I have no idea if it's actually possible to put these things together in
that way. A non-tokenized field? Which still has it's queries
shingle-ized at query time? And then works as a negated query, matching
for negation if any of the shingles match? Not really sure how to put
that together in your solrconfig.xml and/or application logic if needed.
You could try.
Another option would be doing the query-time 'shingling' in your app,
and then it's a somewhat more normal Solr query. &fq= -"shingle one"
-"shingle two" -"shingle three" etc. Or put em in seperate fq's
depending on how you want to use your filter cache. Still searching on a
non-tokenized field, and still normalizing on white-space and
punctuation at both index time and (using same normalization logic but
in your application logic this time) query time. I think that might work.
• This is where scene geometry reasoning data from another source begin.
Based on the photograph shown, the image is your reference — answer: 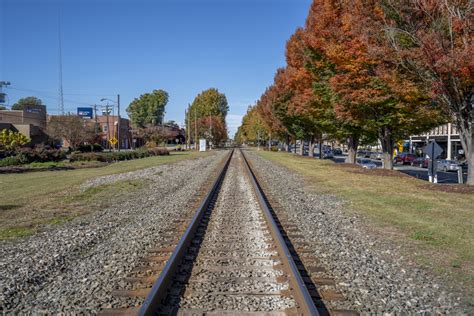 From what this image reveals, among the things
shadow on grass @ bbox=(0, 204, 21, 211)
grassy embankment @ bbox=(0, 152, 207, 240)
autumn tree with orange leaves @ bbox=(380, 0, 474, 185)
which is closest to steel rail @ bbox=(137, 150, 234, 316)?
grassy embankment @ bbox=(0, 152, 207, 240)

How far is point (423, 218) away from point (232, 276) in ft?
22.6

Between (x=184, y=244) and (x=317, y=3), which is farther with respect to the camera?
(x=317, y=3)

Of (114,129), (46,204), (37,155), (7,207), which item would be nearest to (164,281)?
(46,204)

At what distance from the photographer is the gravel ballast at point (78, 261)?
5336 millimetres

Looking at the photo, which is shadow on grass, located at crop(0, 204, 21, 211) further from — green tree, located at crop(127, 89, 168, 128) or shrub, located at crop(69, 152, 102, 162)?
green tree, located at crop(127, 89, 168, 128)

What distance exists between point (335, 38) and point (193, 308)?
2093 cm

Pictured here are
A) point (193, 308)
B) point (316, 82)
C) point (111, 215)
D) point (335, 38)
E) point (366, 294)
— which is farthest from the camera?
point (316, 82)

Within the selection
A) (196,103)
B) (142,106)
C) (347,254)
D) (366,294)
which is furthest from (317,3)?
(142,106)

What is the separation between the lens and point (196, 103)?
140500 mm

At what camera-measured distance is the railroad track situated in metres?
5.10

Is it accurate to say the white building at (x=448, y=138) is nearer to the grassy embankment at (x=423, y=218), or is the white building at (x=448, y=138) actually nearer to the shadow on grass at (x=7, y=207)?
the grassy embankment at (x=423, y=218)

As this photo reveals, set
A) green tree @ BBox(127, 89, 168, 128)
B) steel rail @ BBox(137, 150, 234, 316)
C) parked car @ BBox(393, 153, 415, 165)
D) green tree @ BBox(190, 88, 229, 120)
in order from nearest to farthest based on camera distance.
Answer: steel rail @ BBox(137, 150, 234, 316) < parked car @ BBox(393, 153, 415, 165) < green tree @ BBox(190, 88, 229, 120) < green tree @ BBox(127, 89, 168, 128)

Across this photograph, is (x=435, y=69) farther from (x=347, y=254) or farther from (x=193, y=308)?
(x=193, y=308)

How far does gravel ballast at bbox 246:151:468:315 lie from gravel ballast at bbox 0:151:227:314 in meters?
3.00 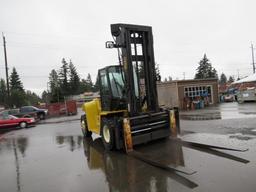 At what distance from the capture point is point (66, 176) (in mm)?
6215

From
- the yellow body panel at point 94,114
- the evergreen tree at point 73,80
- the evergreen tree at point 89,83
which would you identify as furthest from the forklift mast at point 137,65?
the evergreen tree at point 89,83

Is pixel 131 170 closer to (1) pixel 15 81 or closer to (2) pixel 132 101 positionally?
(2) pixel 132 101

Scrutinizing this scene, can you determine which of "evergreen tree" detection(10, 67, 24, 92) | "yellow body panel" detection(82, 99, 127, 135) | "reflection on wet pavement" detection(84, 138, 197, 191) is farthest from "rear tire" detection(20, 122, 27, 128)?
"evergreen tree" detection(10, 67, 24, 92)

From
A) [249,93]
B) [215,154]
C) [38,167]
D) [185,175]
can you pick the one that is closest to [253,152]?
[215,154]

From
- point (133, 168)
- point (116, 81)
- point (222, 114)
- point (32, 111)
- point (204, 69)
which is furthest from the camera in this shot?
point (204, 69)

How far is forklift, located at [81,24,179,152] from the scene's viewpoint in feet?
26.1

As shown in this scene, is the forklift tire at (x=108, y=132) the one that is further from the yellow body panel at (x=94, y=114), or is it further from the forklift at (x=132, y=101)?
the yellow body panel at (x=94, y=114)

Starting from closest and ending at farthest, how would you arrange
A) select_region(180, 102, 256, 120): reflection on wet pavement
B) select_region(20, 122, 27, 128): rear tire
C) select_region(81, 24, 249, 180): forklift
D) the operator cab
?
select_region(81, 24, 249, 180): forklift → the operator cab → select_region(180, 102, 256, 120): reflection on wet pavement → select_region(20, 122, 27, 128): rear tire

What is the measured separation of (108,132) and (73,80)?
74.1m

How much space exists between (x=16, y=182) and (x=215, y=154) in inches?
196

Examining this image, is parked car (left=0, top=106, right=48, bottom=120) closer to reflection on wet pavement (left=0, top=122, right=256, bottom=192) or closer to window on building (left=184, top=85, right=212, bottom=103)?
window on building (left=184, top=85, right=212, bottom=103)

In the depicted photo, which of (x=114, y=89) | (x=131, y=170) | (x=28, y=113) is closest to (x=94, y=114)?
(x=114, y=89)

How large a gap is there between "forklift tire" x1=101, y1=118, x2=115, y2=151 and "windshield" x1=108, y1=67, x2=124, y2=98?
35.6 inches

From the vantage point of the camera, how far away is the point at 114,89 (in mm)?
8617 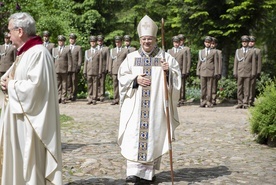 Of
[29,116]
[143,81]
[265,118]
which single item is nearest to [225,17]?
[265,118]

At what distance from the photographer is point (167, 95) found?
6.65 m

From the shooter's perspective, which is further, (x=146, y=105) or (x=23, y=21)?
(x=146, y=105)

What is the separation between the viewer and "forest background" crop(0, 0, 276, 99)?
19906 mm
So I'm not really sure, but maybe that gives you some ideas.
Jonathan
Satish Kumar wrote:
Hi,
We have a requirement to NOT display search results if user query contains
terms that are in our anti-words field. For example, if user query is "I
have swollen foot" and if some records in our index have "swollen foot" in
anti-words field, we don't want to display those records. How do I go about
implementing this?
NOTE 1: anti-words field can contain multiple values. Each value can be a
one or multiple words (e.g. "swollen foot", "headache", etc. )
NOTE 2: the match must be exact. If anti-words field contains "swollen foot"
and if user query is "I have swollen foot", record must be excluded. If user
query is "My foot is swollen", the record should not be excluded.
Any pointers is greatly appreciated!
Thanks,
Satish